** Data for analysis **

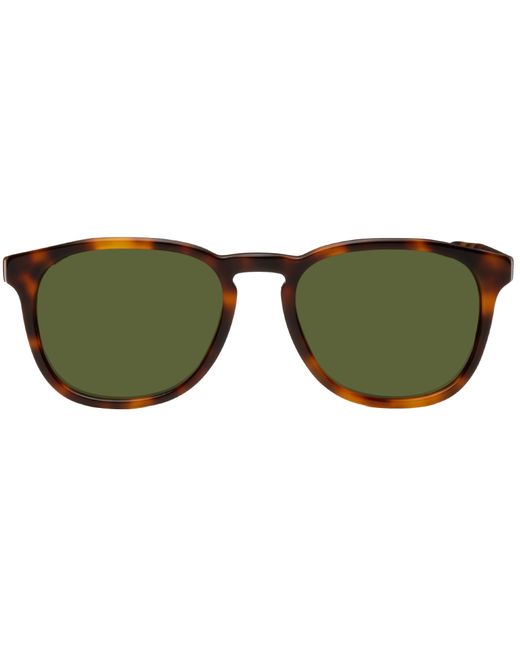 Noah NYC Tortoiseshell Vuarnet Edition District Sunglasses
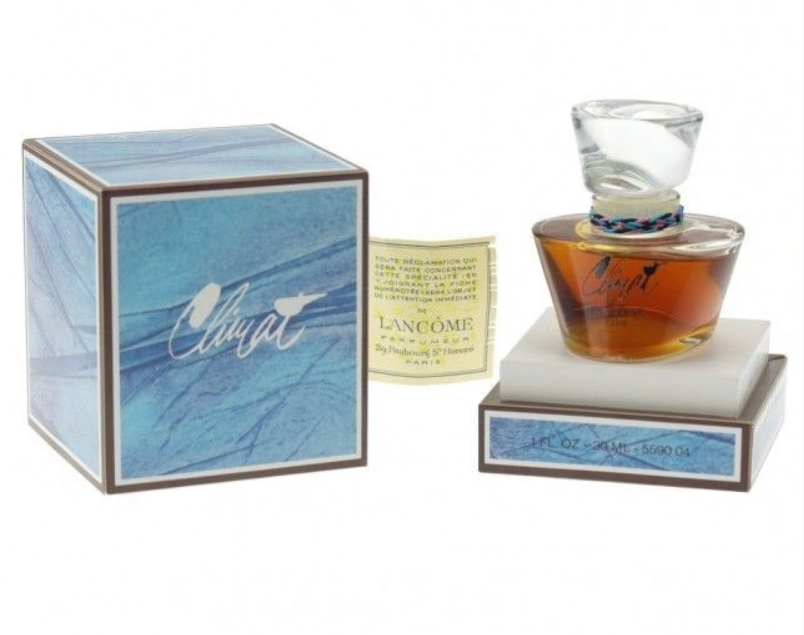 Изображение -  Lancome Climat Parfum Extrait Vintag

* * *

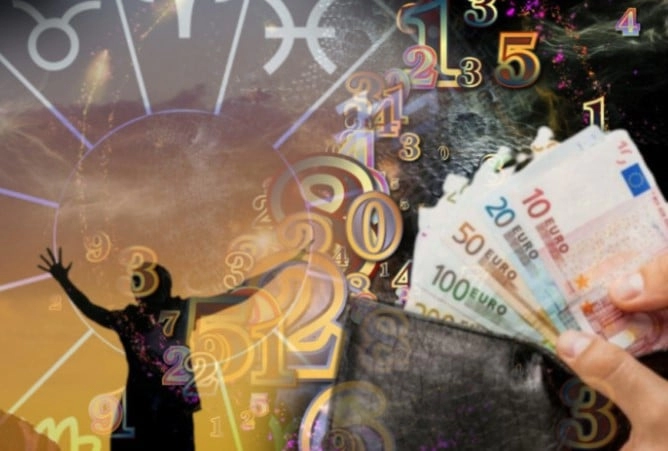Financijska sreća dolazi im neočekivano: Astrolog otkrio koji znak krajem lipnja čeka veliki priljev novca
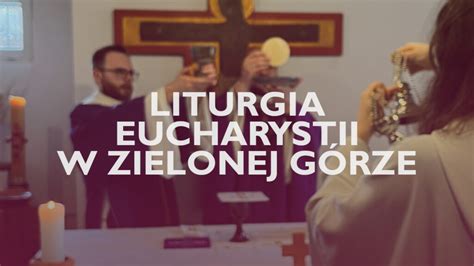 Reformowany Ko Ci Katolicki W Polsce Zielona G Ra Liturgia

** Directions **
From the data above, return only the lines starting at the line that holds "Financijska sreća dolazi" and ending at the line that holds "Reformowany Ko Ci", word for word and without pictures.

** Task answer **
Financijska sreća dolazi im neočekivano: Astrolog otkrio koji znak krajem lipnja čeka veliki priljev novca
 Reformowany Ko Ci Katolicki W Polsce Zielona G Ra Liturgia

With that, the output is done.